4. Token Bucket Algorithm

Consider implementing a token bucket algorithm for burst handling:

// Pseudocode for token bucket
const tokenBucket = new Ratelimit({
  redis,
  limiter: Ratelimit.tokenBucket(50, '50 per hour', 10), // 50 tokens refilled per hour, max 10 burst
});

Alternative Approaches

While Upstash Redis provides an excellent solution, consider these alternatives:

  1. In-Memory Rate Limiting: For simple applications, an in-memory solution might be sufficient (though it won't work across multiple instances)

  2. Database-Based Limiting: Use your existing database for rate limiting (though performance may be a concern)

  3. API Gateway Limiting: Many API gateways (like AWS API Gateway or Nginx) provide built-in rate limiting

  4. Specialized Services: Services like Cloudflare or Fastly offer advanced rate limiting as part of their edge networks

Best Practices for Implementation

  1. Fail Open for Errors: Rate limiting should not break your application if Redis is unavailable

  2. Clear User Feedback: Provide helpful error messages with reset times

  3. Monitoring and Alerts: Set up alerts for unusual rate limit patterns that might indicate attacks

  4. Regular Auditing: Review and adjust limits based on actual usage patterns

  5. Graduated Response: Implement a system of escalating restrictions rather than immediate hard blocking

Conclusion

Enhanced rate limiting with IP protection and warning tracking provides a robust defense against various forms of abuse.

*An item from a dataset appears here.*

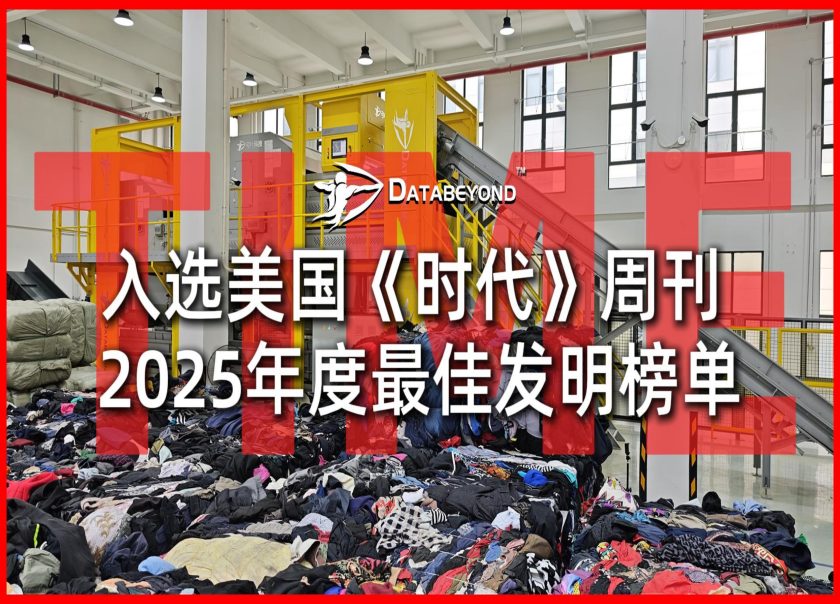 弓叶混纺AI高光谱光选机入选美国《时代》周刊2025年度“最佳发明”榜单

By implementing this system, you can:

  • Protect your AI application from excessive usage
  • Limit the impact of problematic users
  • Control costs for external API calls
  • Ensure fair resource allocation for all users

In our next article, we'll explore another critical preflight check: user-based rate limiting that tracks and restricts usage on a per-user basis.

Remember that rate limiting is just one part of a comprehensive security strategy, but it's an essential component for any production AI application.